Reviewed by Amy F. Morsman
Published on H-SAWH (September, 2010)
Commissioned by Antoinette G. van Zelm (TN Civil War Nat. Heritage Area Center for Historic Preservation)
Making Confederate Veterans Count
For all the scholarship that historians have generated about the American Civil War and its soldiers, Jeffrey W. McClurken thinks that there is more work to be done, especially on the lives of the white men who fought for the Confederacy, survived military service, and returned home to families facing an uncertain future. Take Care of the Living explores the difficult postwar conditions that Southern soldiers faced and the strategies that they and their kin used to endure.
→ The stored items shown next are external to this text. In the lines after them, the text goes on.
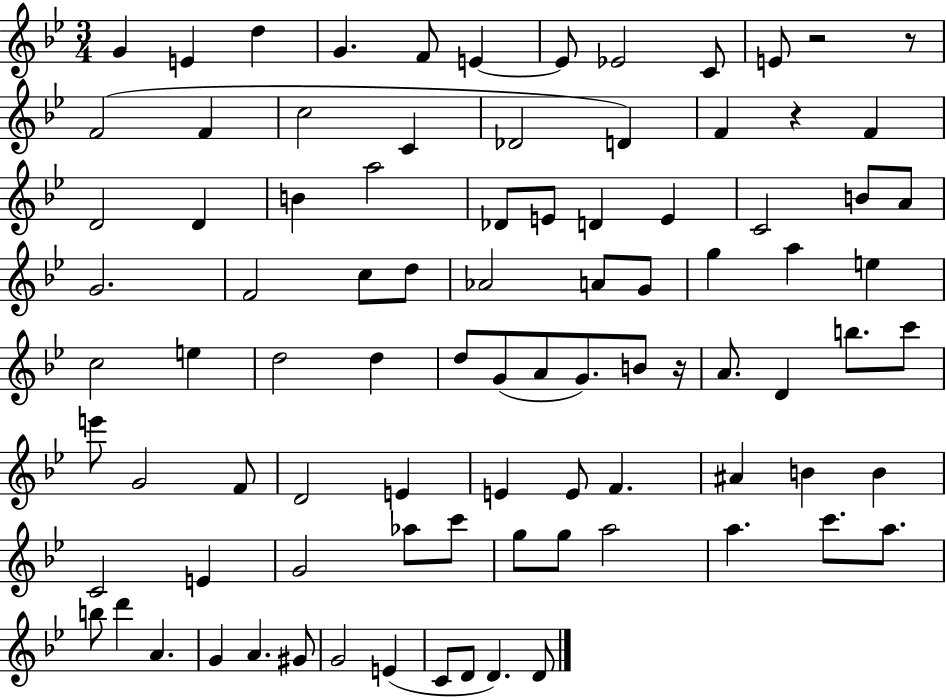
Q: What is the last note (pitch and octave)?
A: D4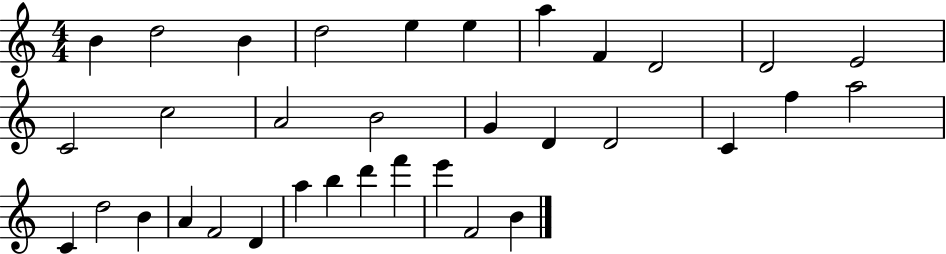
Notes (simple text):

B4/q D5/h B4/q D5/h E5/q E5/q A5/q F4/q D4/h D4/h E4/h C4/h C5/h A4/h B4/h G4/q D4/q D4/h C4/q F5/q A5/h C4/q D5/h B4/q A4/q F4/h D4/q A5/q B5/q D6/q F6/q E6/q F4/h B4/q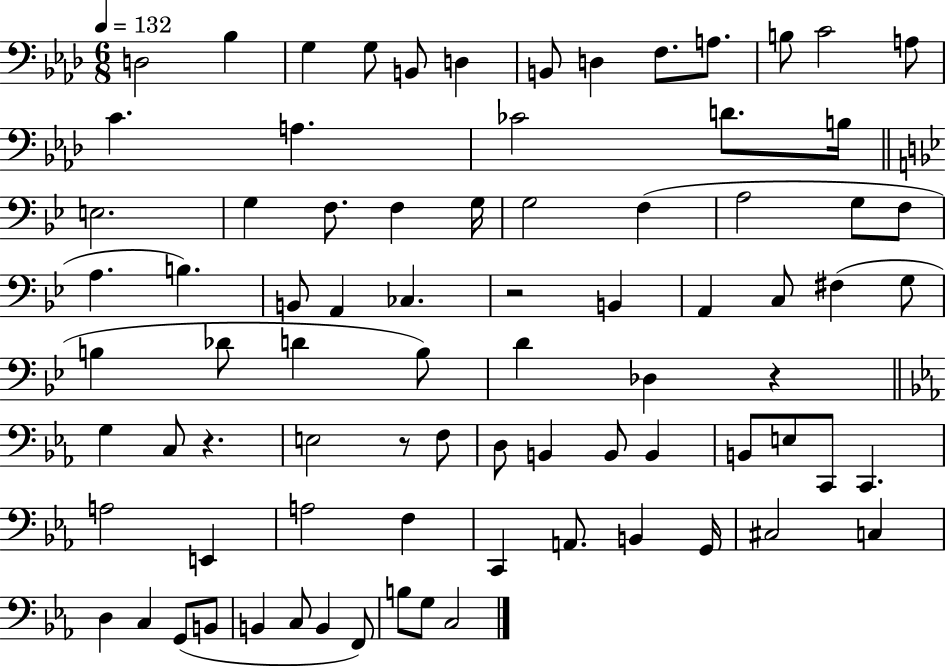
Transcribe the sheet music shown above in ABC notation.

X:1
T:Untitled
M:6/8
L:1/4
K:Ab
D,2 _B, G, G,/2 B,,/2 D, B,,/2 D, F,/2 A,/2 B,/2 C2 A,/2 C A, _C2 D/2 B,/4 E,2 G, F,/2 F, G,/4 G,2 F, A,2 G,/2 F,/2 A, B, B,,/2 A,, _C, z2 B,, A,, C,/2 ^F, G,/2 B, _D/2 D B,/2 D _D, z G, C,/2 z E,2 z/2 F,/2 D,/2 B,, B,,/2 B,, B,,/2 E,/2 C,,/2 C,, A,2 E,, A,2 F, C,, A,,/2 B,, G,,/4 ^C,2 C, D, C, G,,/2 B,,/2 B,, C,/2 B,, F,,/2 B,/2 G,/2 C,2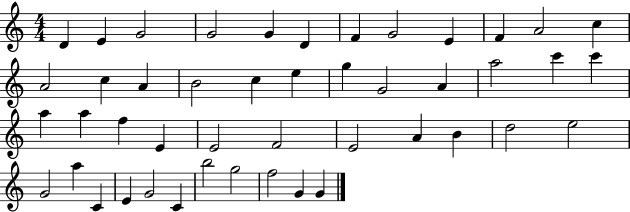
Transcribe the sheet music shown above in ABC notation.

X:1
T:Untitled
M:4/4
L:1/4
K:C
D E G2 G2 G D F G2 E F A2 c A2 c A B2 c e g G2 A a2 c' c' a a f E E2 F2 E2 A B d2 e2 G2 a C E G2 C b2 g2 f2 G G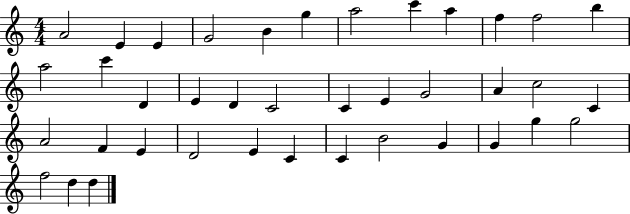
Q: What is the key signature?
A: C major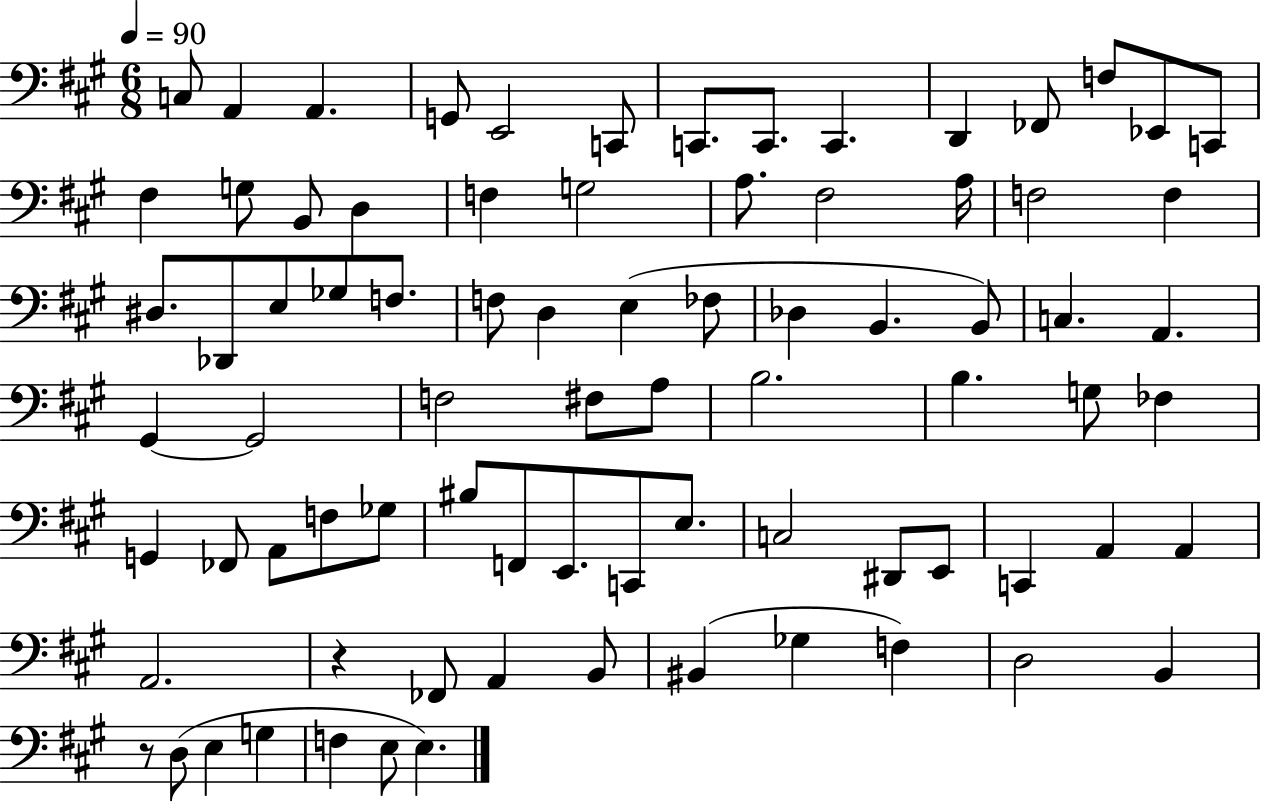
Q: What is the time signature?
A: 6/8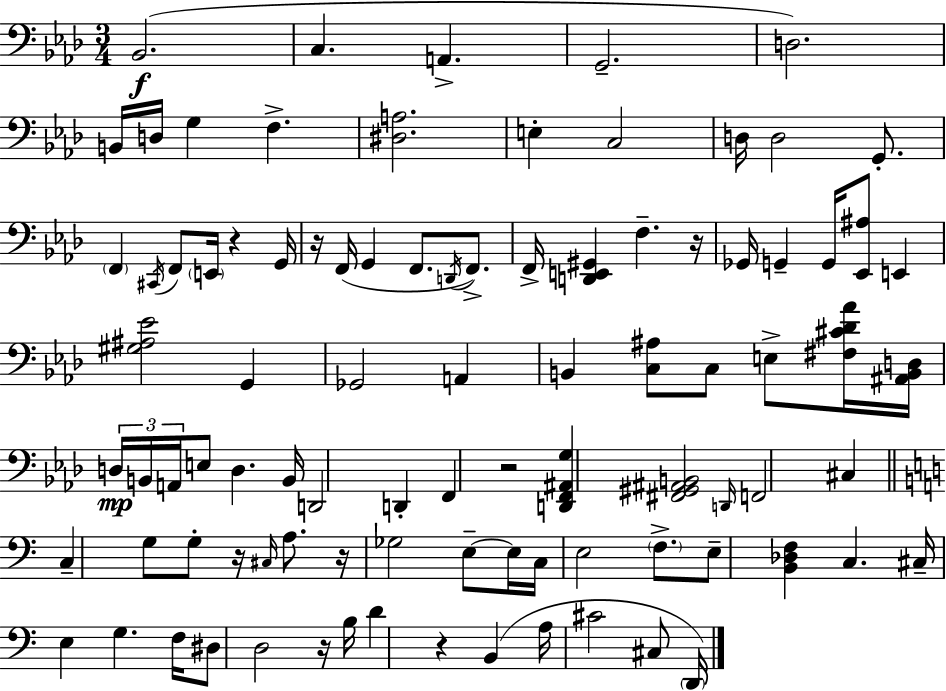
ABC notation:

X:1
T:Untitled
M:3/4
L:1/4
K:Ab
_B,,2 C, A,, G,,2 D,2 B,,/4 D,/4 G, F, [^D,A,]2 E, C,2 D,/4 D,2 G,,/2 F,, ^C,,/4 F,,/2 E,,/4 z G,,/4 z/4 F,,/4 G,, F,,/2 D,,/4 F,,/2 F,,/4 [D,,E,,^G,,] F, z/4 _G,,/4 G,, G,,/4 [_E,,^A,]/2 E,, [^G,^A,_E]2 G,, _G,,2 A,, B,, [C,^A,]/2 C,/2 E,/2 [^F,^C_D_A]/4 [^A,,B,,D,]/4 D,/4 B,,/4 A,,/4 E,/2 D, B,,/4 D,,2 D,, F,, z2 [D,,F,,^A,,G,] [^F,,^G,,^A,,B,,]2 D,,/4 F,,2 ^C, C, G,/2 G,/2 z/4 ^C,/4 A,/2 z/4 _G,2 E,/2 E,/4 C,/4 E,2 F,/2 E,/2 [B,,_D,F,] C, ^C,/4 E, G, F,/4 ^D,/2 D,2 z/4 B,/4 D z B,, A,/4 ^C2 ^C,/2 D,,/4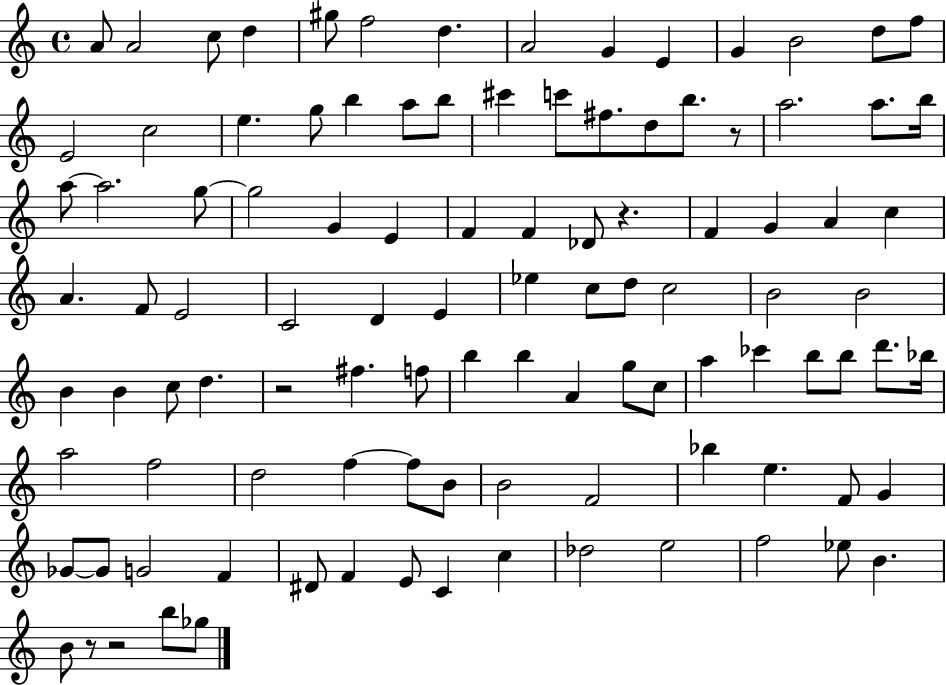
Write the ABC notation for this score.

X:1
T:Untitled
M:4/4
L:1/4
K:C
A/2 A2 c/2 d ^g/2 f2 d A2 G E G B2 d/2 f/2 E2 c2 e g/2 b a/2 b/2 ^c' c'/2 ^f/2 d/2 b/2 z/2 a2 a/2 b/4 a/2 a2 g/2 g2 G E F F _D/2 z F G A c A F/2 E2 C2 D E _e c/2 d/2 c2 B2 B2 B B c/2 d z2 ^f f/2 b b A g/2 c/2 a _c' b/2 b/2 d'/2 _b/4 a2 f2 d2 f f/2 B/2 B2 F2 _b e F/2 G _G/2 _G/2 G2 F ^D/2 F E/2 C c _d2 e2 f2 _e/2 B B/2 z/2 z2 b/2 _g/2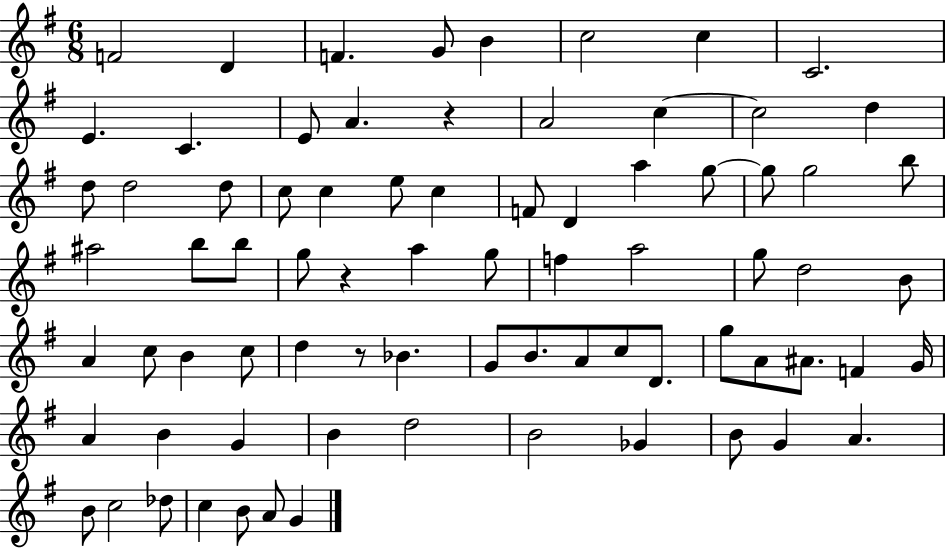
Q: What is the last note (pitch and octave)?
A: G4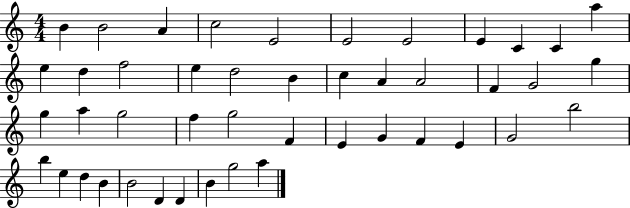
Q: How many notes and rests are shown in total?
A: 45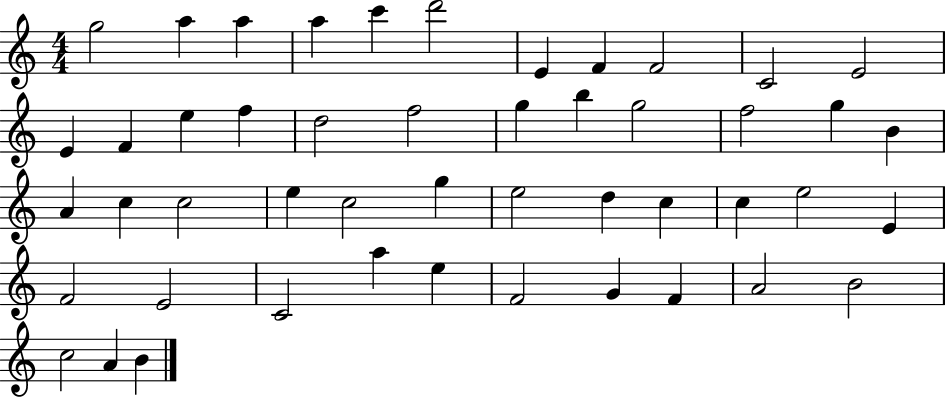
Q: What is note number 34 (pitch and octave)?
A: E5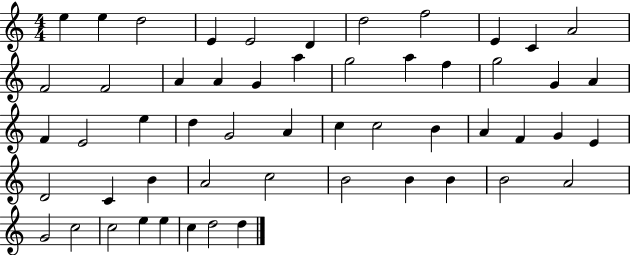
{
  \clef treble
  \numericTimeSignature
  \time 4/4
  \key c \major
  e''4 e''4 d''2 | e'4 e'2 d'4 | d''2 f''2 | e'4 c'4 a'2 | \break f'2 f'2 | a'4 a'4 g'4 a''4 | g''2 a''4 f''4 | g''2 g'4 a'4 | \break f'4 e'2 e''4 | d''4 g'2 a'4 | c''4 c''2 b'4 | a'4 f'4 g'4 e'4 | \break d'2 c'4 b'4 | a'2 c''2 | b'2 b'4 b'4 | b'2 a'2 | \break g'2 c''2 | c''2 e''4 e''4 | c''4 d''2 d''4 | \bar "|."
}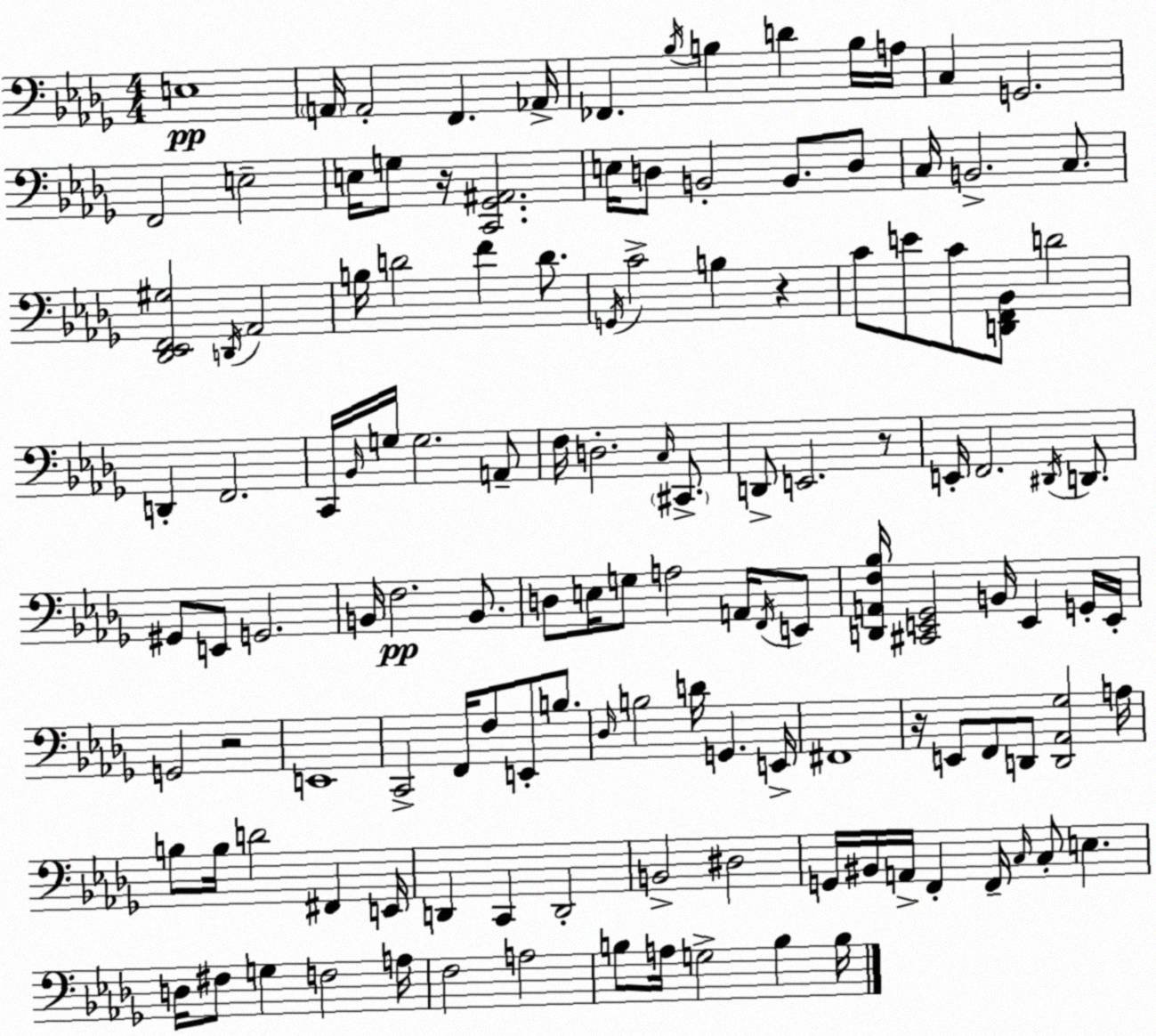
X:1
T:Untitled
M:4/4
L:1/4
K:Bbm
E,4 A,,/4 A,,2 F,, _A,,/4 _F,, _B,/4 B, D B,/4 A,/4 C, G,,2 F,,2 E,2 E,/4 G,/2 z/4 [C,,_G,,^A,,]2 E,/4 D,/2 B,,2 B,,/2 D,/2 C,/4 B,,2 C,/2 [_D,,_E,,F,,^G,]2 D,,/4 _A,,2 B,/4 D2 F D/2 G,,/4 C2 B, z C/2 E/2 C/2 [D,,F,,_B,,]/2 D2 D,, F,,2 C,,/4 _B,,/4 G,/4 G,2 A,,/2 F,/4 D,2 C,/4 ^C,,/2 D,,/2 E,,2 z/2 E,,/4 F,,2 ^D,,/4 D,,/2 ^G,,/2 E,,/2 G,,2 B,,/4 F,2 B,,/2 D,/2 E,/4 G,/2 A,2 A,,/4 F,,/4 E,,/2 [D,,A,,F,_B,]/4 [^C,,E,,_G,,]2 B,,/4 E,, G,,/4 E,,/4 G,,2 z2 E,,4 C,,2 F,,/4 F,/2 E,,/2 B,/2 _D,/4 B,2 D/4 G,, E,,/4 ^F,,4 z/4 E,,/2 F,,/2 D,,/2 [D,,_A,,_G,]2 A,/4 B,/2 B,/4 D2 ^F,, E,,/4 D,, C,, D,,2 B,,2 ^D,2 G,,/4 ^B,,/4 A,,/4 F,, F,,/4 C,/4 C,/2 E, D,/4 ^F,/2 G, F,2 A,/4 F,2 A,2 B,/2 A,/4 G,2 B, B,/4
McClurken's main interest lies in the human impact of the war and its aftermath, but whereas many other scholars with the same interest have focused on veterans in the North or on the consequences of emancipation in the South, he seeks to remind us of the long-lasting physical and psychological ramifications for those who fought but were not victorious and did not have a triumphant national government to support them.
This is, therefore, a study about loss--soldiers losing arms and legs, battlefield survivors losing their minds, and once-independent, able-bodied men losing the ability to labor for the support of their dependents. This is also, however, a study of survival, of how families of dead, injured, or sick soldiers scrambled to make ends meet by altering the composition of their households; changing jobs; calling on local networks of support; and, ultimately, taking advantage of an expanding state welfare system.
In six chapters, McClurken aims to measure the short- and long-term effects of military service and defeat on military families of all classes living in Pittsylvania County, Virginia. In his study, the poor financial condition of many of these families did not readily improve over the course of the postwar period, largely because of chronic physical problems that the war had created for veterans. Here we see men from all walks of life--middle-class merchants, sizeable landowners, mechanics, and farm laborers--weakened by disease, hobbling on wooden legs, or struggling with deformed hands to make a living, to do the work that they had once performed as whole and healthy men. We also see glimpses of their female kin trying to make ends meet and often taking on greater responsibility for the economic welfare of their households. For a sizeable number of the women in McClurken's study, this meant entering domestic service.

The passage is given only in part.